Cancerous Consumption
An interesting thing has happened at Pop!Tech today. While the theme was meant to have been "America: Reimagined," there has been an irresistible momentum across a huge number of presenters towards imagining America as a metaphor for humanity's insatiable consumption and the way that it has fundamentally imperiled our earth.
Photographer Chris Jordan has dedicated his life to documenting consumption, and making the invisible byproducts of our convenience visible. Today, for the first time in public, he shared an immensely disturbing slideshow of photographs taken on Midway Island, a small Island in the middle of the Pacific more than 2,000 miles from the nearest continental coast.
Chris had heard rumors that there, in that most remote of wildernesses, there were baby albatross dead with plastic sticking out of their carcasses. Having to see for himself, he went in September 2009. What he found was even worse than he had imagined.
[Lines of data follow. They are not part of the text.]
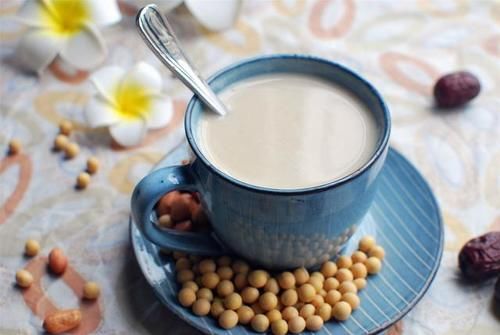  适量|闺蜜拿“它”当水喝，难怪40岁了还像20岁的小姑娘，真让人羡慕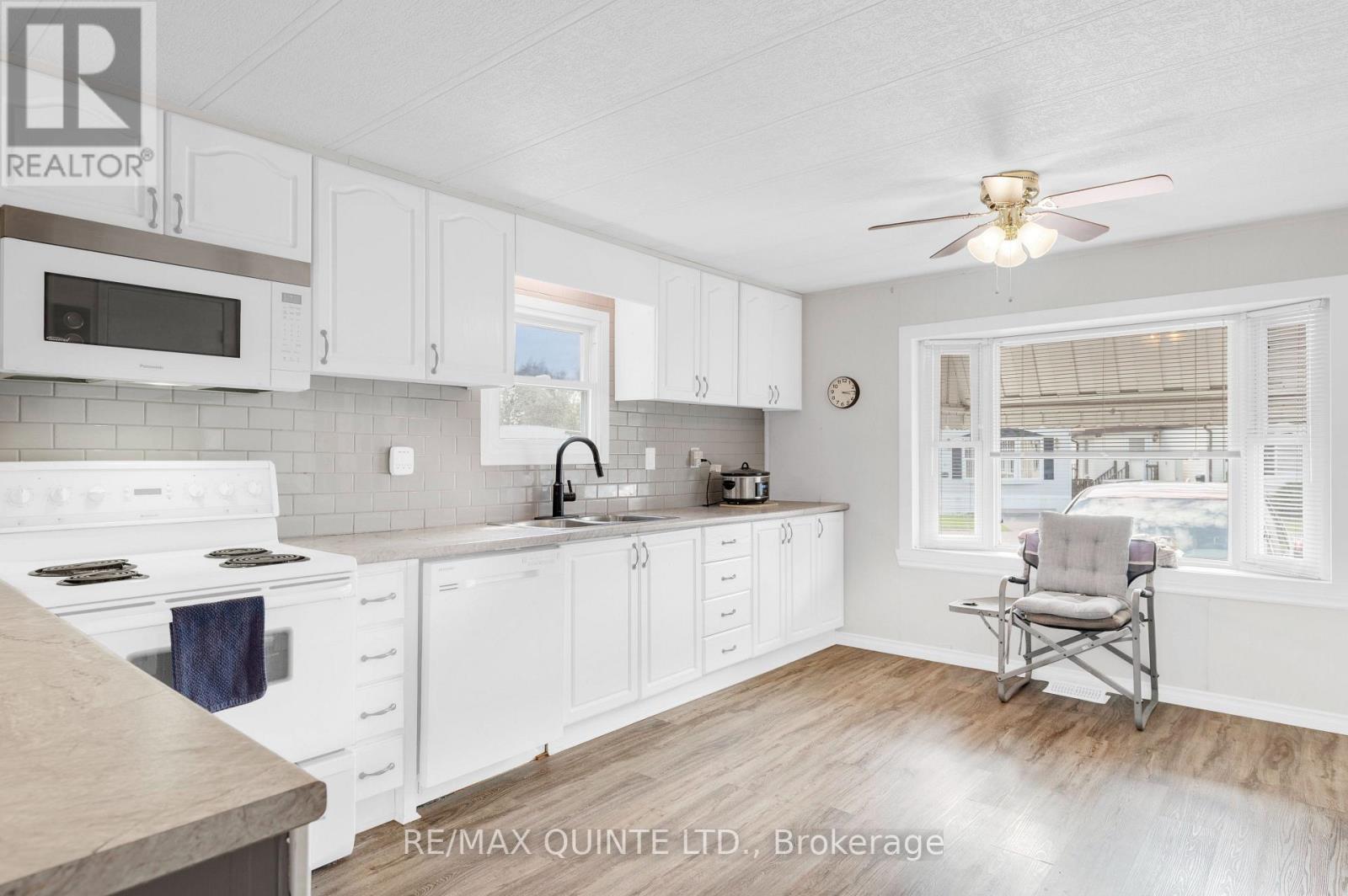 44 - 311 Dundas Street, Quinte West, Ontario  K8V 1M1 - Photo 4 - X12586672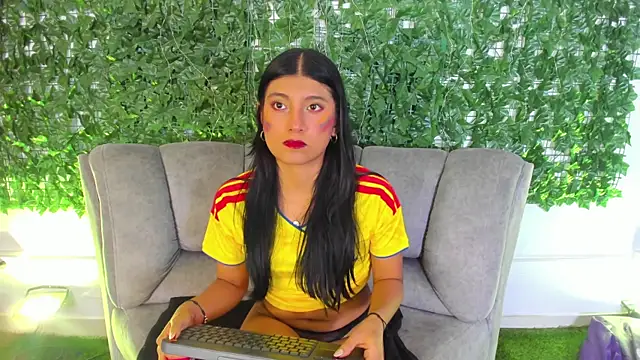 Snapshot of YeseniaRodriguez3 chatting on 07-07-26, 01:04 YeseniaRodriguez3 online show from 07-07-26, 01:04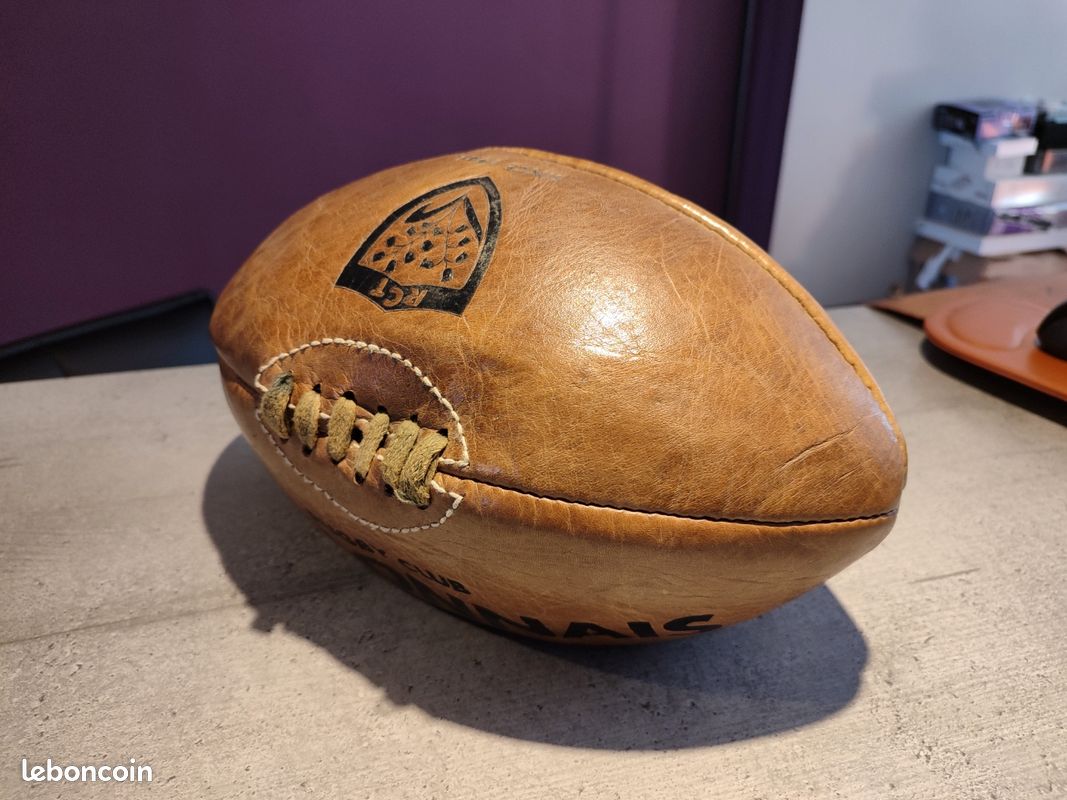 Ballon De Rugby En Cuir RCT RC Toulon – Vintage Et Authentique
Jordan compared the trip to getting a diagnosis of lymphatic cancer from a doctor. If this cancer is there, on Midway, as far removed from normal human activity as can be, then it's everywhere. Jordan concluded by saying that while he didn't have much more to say, it was something it seemed we all should be talking about.
It's getting harder and harder to avoid the implication that our system of existence has set the clock ticking on our future. That's a bleak, bleak place to be for people like me who are of a generation just coming into the adult world.
Yet necessity is the mother of invention. Young people today are the most educated, networked generation in history. As it becomes increasingly clear that we have no choice but to tackle this issue, some of our greatest minds are on the case. I can't help but think it will take all of them though.